What is expected: Copy the data below in full, exactly as it appears.

(Data extracted from a collection)
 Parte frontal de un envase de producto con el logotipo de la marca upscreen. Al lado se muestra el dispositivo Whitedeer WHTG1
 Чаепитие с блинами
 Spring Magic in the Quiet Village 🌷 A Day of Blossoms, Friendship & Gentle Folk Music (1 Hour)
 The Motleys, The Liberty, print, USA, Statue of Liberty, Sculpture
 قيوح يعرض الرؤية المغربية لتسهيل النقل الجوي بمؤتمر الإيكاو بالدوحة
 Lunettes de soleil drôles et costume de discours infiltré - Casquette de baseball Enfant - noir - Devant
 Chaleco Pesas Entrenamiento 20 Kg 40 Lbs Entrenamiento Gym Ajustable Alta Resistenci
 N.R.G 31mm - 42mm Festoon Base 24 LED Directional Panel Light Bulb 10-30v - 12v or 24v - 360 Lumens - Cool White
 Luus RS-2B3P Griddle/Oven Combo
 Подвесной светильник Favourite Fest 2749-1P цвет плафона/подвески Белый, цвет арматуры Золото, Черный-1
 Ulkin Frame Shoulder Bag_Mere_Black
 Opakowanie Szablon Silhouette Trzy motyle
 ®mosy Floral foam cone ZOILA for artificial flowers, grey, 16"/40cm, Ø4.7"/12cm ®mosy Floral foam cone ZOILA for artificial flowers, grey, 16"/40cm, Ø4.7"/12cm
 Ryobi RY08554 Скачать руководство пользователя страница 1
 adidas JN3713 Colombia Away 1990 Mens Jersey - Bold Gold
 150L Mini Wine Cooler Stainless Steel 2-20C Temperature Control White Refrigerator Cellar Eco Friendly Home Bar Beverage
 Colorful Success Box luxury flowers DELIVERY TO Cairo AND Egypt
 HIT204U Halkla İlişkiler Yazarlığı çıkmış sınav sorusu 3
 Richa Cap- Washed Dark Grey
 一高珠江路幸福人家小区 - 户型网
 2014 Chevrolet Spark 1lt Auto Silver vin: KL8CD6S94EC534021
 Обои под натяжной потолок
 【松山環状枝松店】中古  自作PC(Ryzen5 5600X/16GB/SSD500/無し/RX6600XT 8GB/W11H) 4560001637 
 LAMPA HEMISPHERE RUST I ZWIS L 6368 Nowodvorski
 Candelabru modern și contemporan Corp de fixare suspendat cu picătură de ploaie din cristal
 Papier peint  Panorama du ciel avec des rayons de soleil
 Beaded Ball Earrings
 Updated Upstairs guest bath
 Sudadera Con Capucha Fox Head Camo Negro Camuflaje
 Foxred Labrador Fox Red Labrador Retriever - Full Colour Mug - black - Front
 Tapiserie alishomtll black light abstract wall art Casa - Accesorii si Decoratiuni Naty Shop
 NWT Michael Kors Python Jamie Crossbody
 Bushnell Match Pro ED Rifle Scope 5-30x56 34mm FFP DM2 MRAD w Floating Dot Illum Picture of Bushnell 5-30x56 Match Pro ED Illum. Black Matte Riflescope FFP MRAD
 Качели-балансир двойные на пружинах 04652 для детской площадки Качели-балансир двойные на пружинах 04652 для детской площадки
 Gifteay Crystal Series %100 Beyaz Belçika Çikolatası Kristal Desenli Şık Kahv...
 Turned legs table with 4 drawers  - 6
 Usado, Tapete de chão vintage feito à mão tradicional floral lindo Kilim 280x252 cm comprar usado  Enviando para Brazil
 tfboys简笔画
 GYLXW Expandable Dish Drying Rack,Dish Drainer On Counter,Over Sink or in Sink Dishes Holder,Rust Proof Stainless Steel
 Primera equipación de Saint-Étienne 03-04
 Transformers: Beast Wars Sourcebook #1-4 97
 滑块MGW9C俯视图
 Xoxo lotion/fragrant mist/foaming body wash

Solved exercise:
 Parte frontal de un envase de producto con el logotipo de la marca upscreen. Al lado se muestra el dispositivo Whitedeer WHTG1
 Чаепитие с блинами
 Spring Magic in the Quiet Village 🌷 A Day of Blossoms, Friendship & Gentle Folk Music (1 Hour)
 The Motleys, The Liberty, print, USA, Statue of Liberty, Sculpture
 قيوح يعرض الرؤية المغربية لتسهيل النقل الجوي بمؤتمر الإيكاو بالدوحة
 Lunettes de soleil drôles et costume de discours infiltré - Casquette de baseball Enfant - noir - Devant
 Chaleco Pesas Entrenamiento 20 Kg 40 Lbs Entrenamiento Gym Ajustable Alta Resistenci
 N.R.G 31mm - 42mm Festoon Base 24 LED Directional Panel Light Bulb 10-30v - 12v or 24v - 360 Lumens - Cool White
 Luus RS-2B3P Griddle/Oven Combo
 Подвесной светильник Favourite Fest 2749-1P цвет плафона/подвески Белый, цвет арматуры Золото, Черный-1
 Ulkin Frame Shoulder Bag_Mere_Black
 Opakowanie Szablon Silhouette Trzy motyle
 ®mosy Floral foam cone ZOILA for artificial flowers, grey, 16"/40cm, Ø4.7"/12cm ®mosy Floral foam cone ZOILA for artificial flowers, grey, 16"/40cm, Ø4.7"/12cm
 Ryobi RY08554 Скачать руководство пользователя страница 1
 adidas JN3713 Colombia Away 1990 Mens Jersey - Bold Gold
 150L Mini Wine Cooler Stainless Steel 2-20C Temperature Control White Refrigerator Cellar Eco Friendly Home Bar Beverage
 Colorful Success Box luxury flowers DELIVERY TO Cairo AND Egypt
 HIT204U Halkla İlişkiler Yazarlığı çıkmış sınav sorusu 3
 Richa Cap- Washed Dark Grey
 一高珠江路幸福人家小区 - 户型网
 2014 Chevrolet Spark 1lt Auto Silver vin: KL8CD6S94EC534021
 Обои под натяжной потолок
 【松山環状枝松店】中古  自作PC(Ryzen5 5600X/16GB/SSD500/無し/RX6600XT 8GB/W11H) 4560001637 
 LAMPA HEMISPHERE RUST I ZWIS L 6368 Nowodvorski
 Candelabru modern și contemporan Corp de fixare suspendat cu picătură de ploaie din cristal
 Papier peint  Panorama du ciel avec des rayons de soleil
 Beaded Ball Earrings
 Updated Upstairs guest bath
 Sudadera Con Capucha Fox Head Camo Negro Camuflaje
 Foxred Labrador Fox Red Labrador Retriever - Full Colour Mug - black - Front
 Tapiserie alishomtll black light abstract wall art Casa - Accesorii si Decoratiuni Naty Shop
 NWT Michael Kors Python Jamie Crossbody
 Bushnell Match Pro ED Rifle Scope 5-30x56 34mm FFP DM2 MRAD w Floating Dot Illum Picture of Bushnell 5-30x56 Match Pro ED Illum. Black Matte Riflescope FFP MRAD
 Качели-балансир двойные на пружинах 04652 для детской площадки Качели-балансир двойные на пружинах 04652 для детской площадки
 Gifteay Crystal Series %100 Beyaz Belçika Çikolatası Kristal Desenli Şık Kahv...
 Turned legs table with 4 drawers  - 6
 Usado, Tapete de chão vintage feito à mão tradicional floral lindo Kilim 280x252 cm comprar usado  Enviando para Brazil
 tfboys简笔画
 GYLXW Expandable Dish Drying Rack,Dish Drainer On Counter,Over Sink or in Sink Dishes Holder,Rust Proof Stainless Steel
 Primera equipación de Saint-Étienne 03-04
 Transformers: Beast Wars Sourcebook #1-4 97
 滑块MGW9C俯视图
 Xoxo lotion/fragrant mist/foaming body wash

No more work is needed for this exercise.